- Action item -
Starting at the line that contains "My daughters dressed" and stopping at the line that contains "Panorama on a", restate each line of the records below exactly. Omit the pictures.

- Supplied entries -
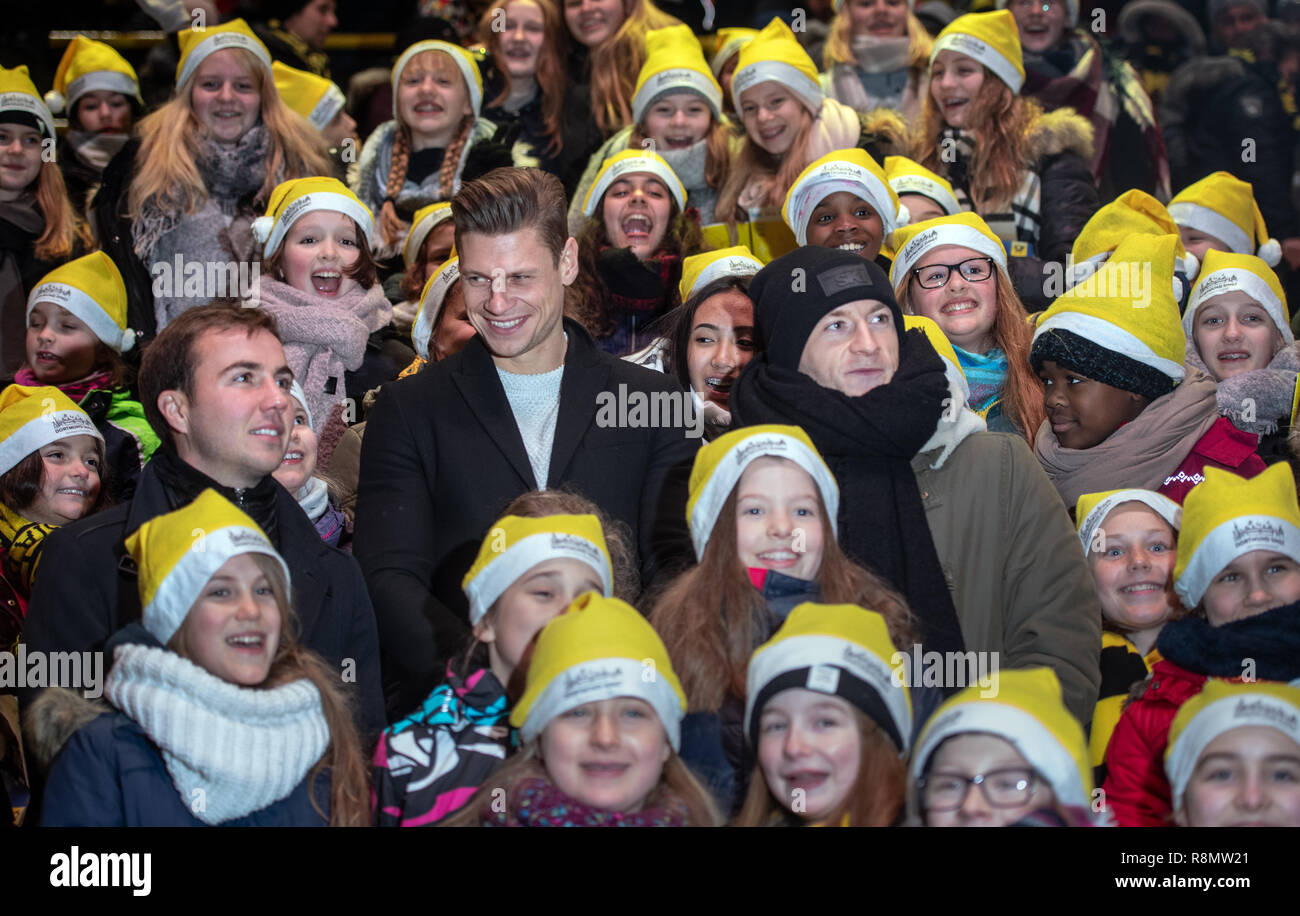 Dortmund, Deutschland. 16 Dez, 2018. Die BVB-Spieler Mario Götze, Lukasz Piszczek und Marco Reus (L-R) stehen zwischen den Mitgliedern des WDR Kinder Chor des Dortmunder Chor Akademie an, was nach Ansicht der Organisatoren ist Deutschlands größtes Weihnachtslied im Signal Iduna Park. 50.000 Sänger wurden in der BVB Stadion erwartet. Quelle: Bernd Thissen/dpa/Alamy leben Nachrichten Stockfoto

...

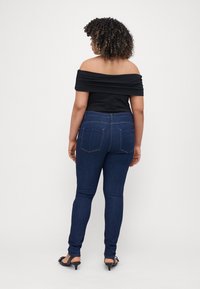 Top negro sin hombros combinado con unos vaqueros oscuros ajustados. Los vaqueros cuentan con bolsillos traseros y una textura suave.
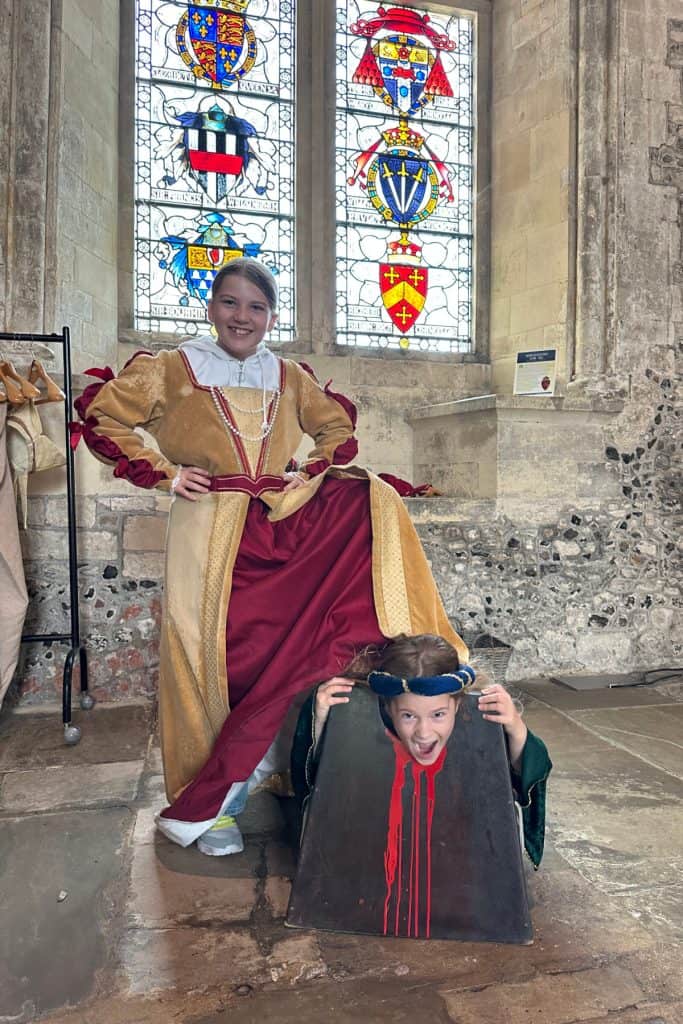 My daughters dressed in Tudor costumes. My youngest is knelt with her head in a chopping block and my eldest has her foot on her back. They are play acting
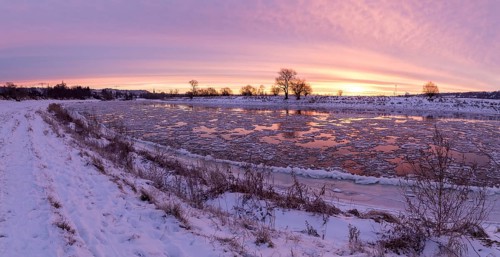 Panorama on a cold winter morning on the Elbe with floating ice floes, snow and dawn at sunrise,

- Completed task -
 My daughters dressed in Tudor costumes. My youngest is knelt with her head in a chopping block and my eldest has her foot on her back. They are play acting
 Panorama on a cold winter morning on the Elbe with floating ice floes, snow and dawn at sunrise,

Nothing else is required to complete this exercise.